The strategy was tested from 2007 onward across nearly 19 years of options history.
The tests included:
Realistic slippage
Commissions
Liquidity constraints
Position caps
Actual listed options
Mechanical entry and exit rules
Two structures were tested:
Sell near-term ATM call
Buy farther-dated ATM call
Sell front-month 35-delta call + put
Buy back-month equivalents
The double calendar captures both:
forward volatility
skew dislocations
Blindly trading calendar spreads lost money.
That’s critical.
Without conditioning on Forward Factor:
transaction costs
slippage
structural decay
overwhelmed returns.
But once trades were filtered using Forward Factor thresholds, performance flipped positive.
The research found that long calendar spreads became profitable when FF exceeded certain levels.
Approximate thresholds:
| Structure | DTE Pair | FF Threshold |
|---|---|---|
| ATM Calendar | 30/60 | 0.14 |
| ATM Calendar | 30/90 | 0.03 |
| ATM Calendar | 60/90 | 0.41 |
| Double Calendar | 30/60 | 0.11 |
| Double Calendar | 30/90 | 0.01 |
| Double Calendar | 60/90 | 0.14 |
In practice, the presenter recommends:
Trade setups where FF ≥ 0.20
Higher is generally better.
After filtering trades using Forward Factor thresholds, results improved dramatically.
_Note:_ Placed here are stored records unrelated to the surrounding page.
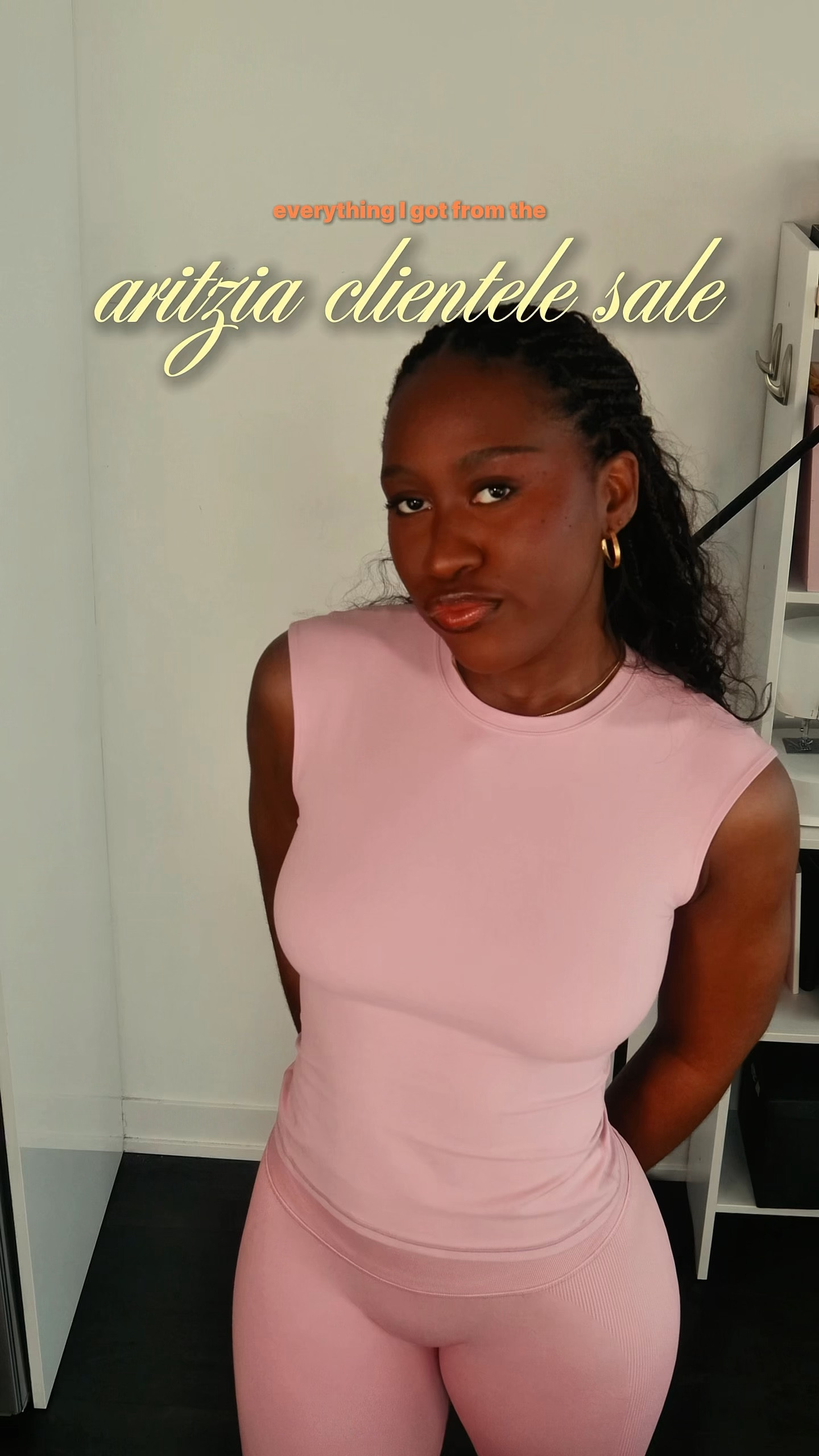 everything I got from the aritzia clientele sale for summer☺️

aritzia sale, aritzia haul, clothing haul, summer outfits

#LTKSaleAlert #LTKSeasonal #LTKStyleTip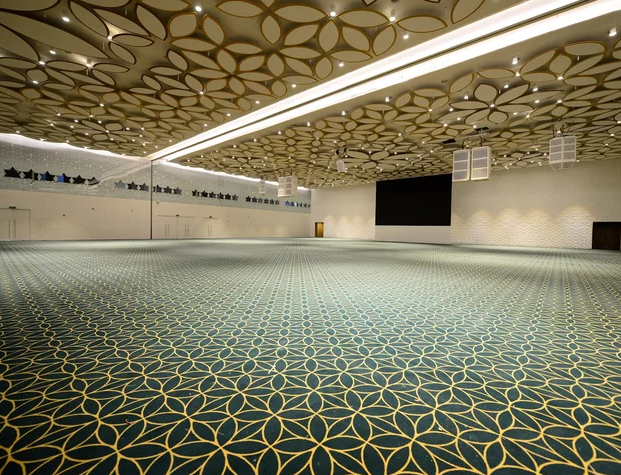 印度新德里NSIC展览中心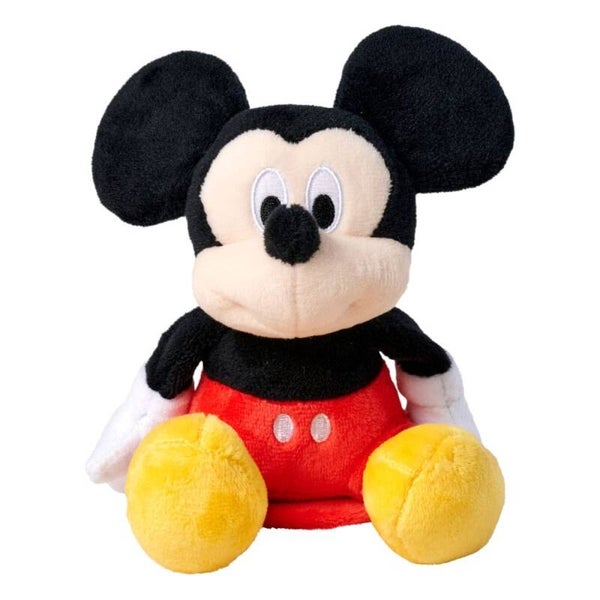 Schouderknuffel Mickey Mouse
The strongest performance came from:
Especially under fractional Kelly sizing.
| Structure | CAGR | Sharpe |
|---|---|---|
| ATM Calendar 60/90 | 26.7% | 2.40 |
| Double Calendar 60/90 | 26.5% | 2.42 |
These were the headline results highlighted throughout the presentation.
Full Kelly sizing produced excellent returns but larger drawdowns.
Reducing sizing to:
half Kelly
quarter Kelly
barely reduced CAGR while substantially improving Sharpe ratios.
Smaller sizing allowed:
smoother equity curves
better diversification
more concurrent positions
lower drawdown convexity
The recommendation:
Use quarter Kelly or less.
Practical position sizing guidance:
2–8% of portfolio equity per trade
~4% default sizing
The theory is straightforward:
Most options flow is concentrated in short-dated expirations.
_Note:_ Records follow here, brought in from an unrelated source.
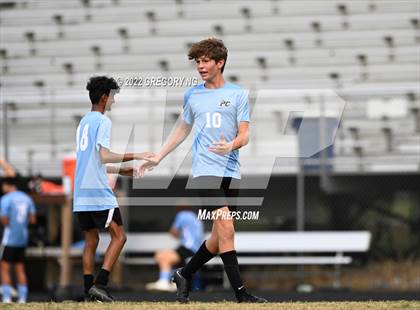 Thumbnail 3 in Holly Springs @ Panther Creek photogallery.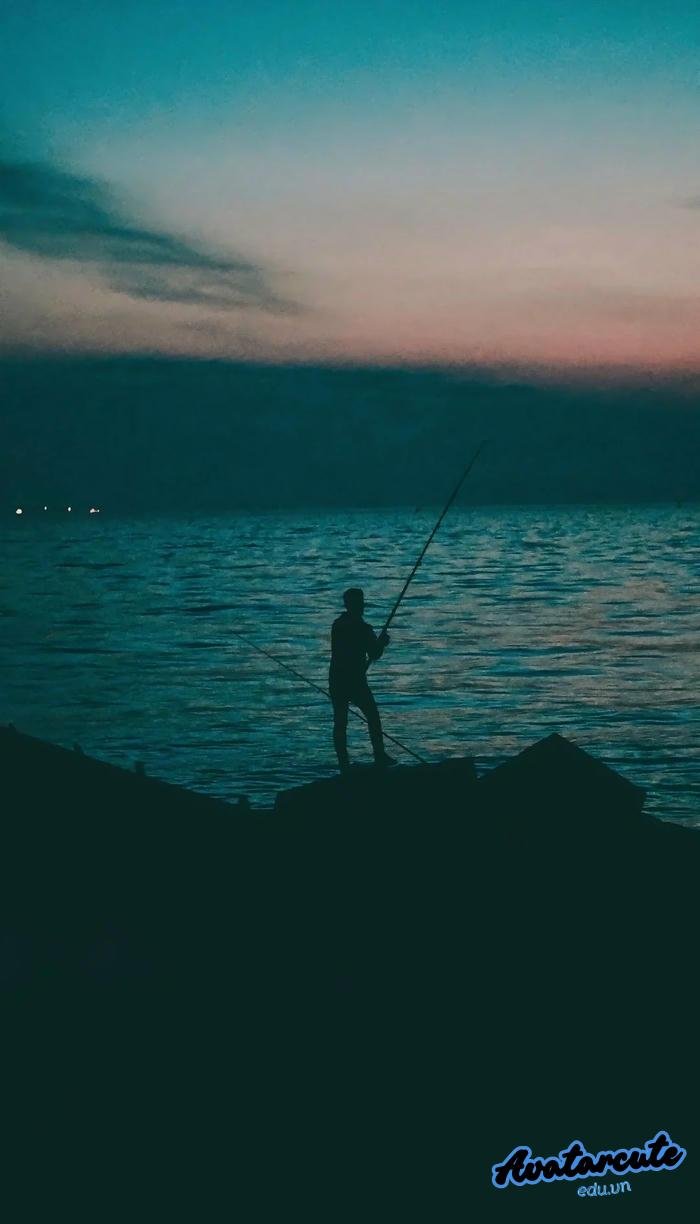 hình nền câu cá full hd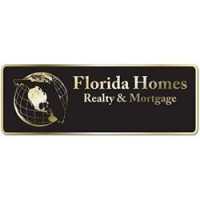 Darlene Dykes, FLORIDA HOMES REALTY & MORTGAGE Logo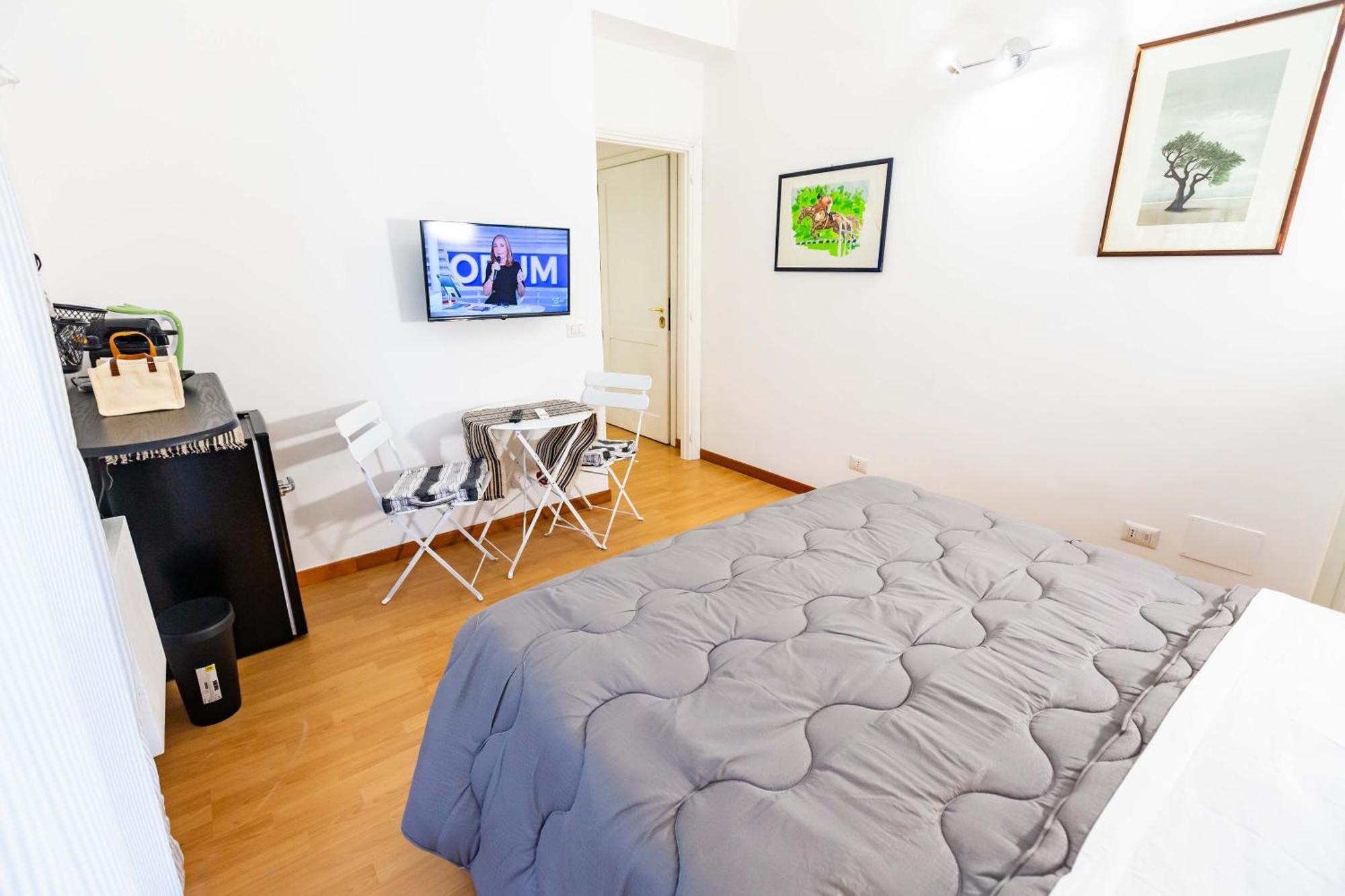 Residenza Aurelia * Roma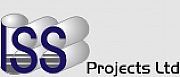 ISS Projects (UK) Ltd logo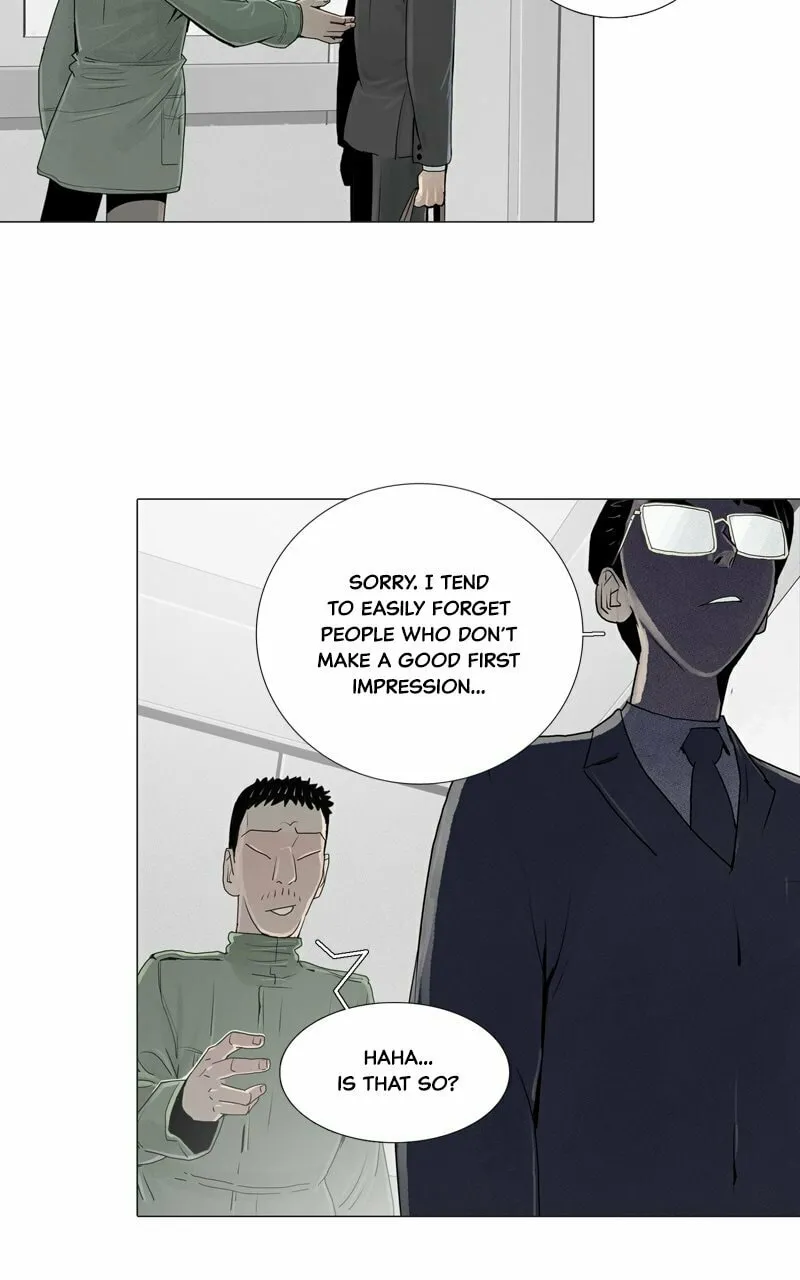Read Connect (Shin Dae-Sung) chapter 17 image 25 on Lezhin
Retail traders and hedgers crowd into:
weekly options
event trades
short-term protection
This pushes front-month implied volatility too high relative to later expirations.
Meanwhile, few participants explicitly trade forward volatility itself.
That leaves persistent mispricings in the volatility curve — especially in mid-liquidity single-name stocks that large institutions often ignore.
Calendar spreads naturally act as “curve balancers.”
Look for stocks where:
near-term IV is very high
back-month IV is significantly lower
Use two expirations and calculate:
forward volatility
Forward Factor
Only take setups where:
FF ≥ 0.20
Higher values are preferred.
Typically:
sell front expiration
buy back expiration
same strike
Use:
quarter Kelly or less
~4% portfolio allocation per trade
Close the entire spread just before the short option expires.
Avoid pin risk and expiration complications.
The presenter walked through a live example using AES stock.
Setup:
Sell Oct 17 ATM call
Buy Oct 24 ATM call
Implied volatilities:
Front IV: 61.97%
Back IV: 52.11%
Calculated results:
Forward Volatility: 33.37%
Forward Factor: ~86%
That was well above the recommended threshold.
The spread cost only:
$0.10 debit
The idea was simple:
Buy extremely cheap forward volatility created by a distorted term structure.
The key takeaway from the entire framework is this:
The edge is not the calendar spread itself.
Blind calendar spreads lose money.
The edge comes from selectively trading volatility term-structure dislocations identified through Forward Factor.
The strategy appears robust across:
multiple DTE combinations
different structures
varying market regimes
And the simplicity is what makes it compelling:
One indicator
Mechanical rules
Simple options structures
Repeatable framework
At its core, the strategy is simply a systematic way of acting as a “volatility curve arbitrageur” whenever the market overprices near-term fear relative to future implied risk.